Head of the Jamaica Coalition for a Healthy Society, Dr Wayne West, said he was now looking forward to a more transparent regional debate on the matter before any decision is taken.

Douglas has said many people may have taken the declaration out of context and that issues such as same-sex marriage have never come up in the discussions with regional leaders.

He said the document must not to be interpreted as support for gay rights and same-sex marriage going into the future but as recommendations for securing the health of citizens of the region.

48-hour deadline to collect bodies -police

The police are reminding the public that they must collect the bodies of their relatives from government-contracted funeral homes within 48 hours of death.

The police usually call contracted funeral parlours in cases of sudden deaths at home.

The police say whether or not a post-mortem has been conducted, relatives must collect the bodies of their loved ones within the specified 48-hour period. The Jamaica Constabulary Force says failure to do this will result in the funeral homes charging their full commercial rate for storage. It says neither the ministry of national security nor the police force will have liability for storage charges after 48 hours.

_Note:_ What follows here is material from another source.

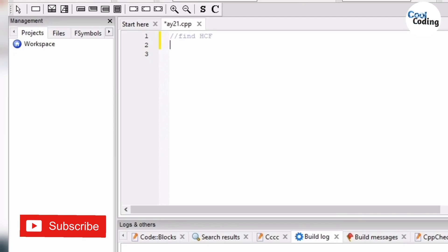Hello everyone, today we are going to make a program to find HCF of the two given numbers.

Team sent to assess fire-ravaged farmlands

The agriculture ministry says a team is conducting damage assessments in southern St Elizabeth, where a massive weekend fire burnt about 600 acres of farmland.

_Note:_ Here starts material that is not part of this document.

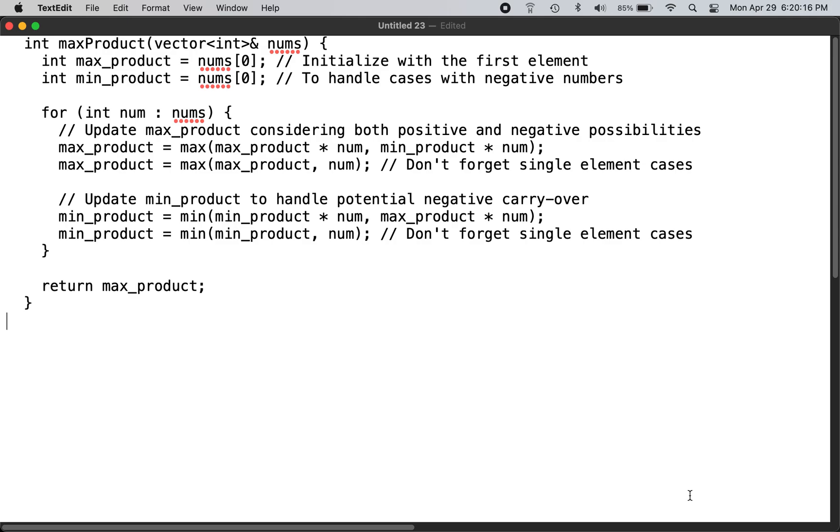This is the C++ solution to LeetCode problem number 152, Maximum Product Subarray. You can check the LeetCode website for the problem description.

Like most of the island, sections of St Elizabeth, which is known as the Breadbasket Parish, have been grappling with drought conditions. The massive blaze in the community of Malvern damaged farms and supplies and threatened neighbourhoods.

Permanent secretary in the agriculture ministry, Donovan Stanberry, said the team from the Rural Agricultural Development Authority was dispatched yesterday morning and was expected to submit a report later in the day.

He said the ministry would announce, in two weeks, measures to help farmers cope with the drought conditions.

The Black River Fire Station said reports from a large cattle farmer in the area suggest that someone lit the fire, which spread quickly because of the dry conditions.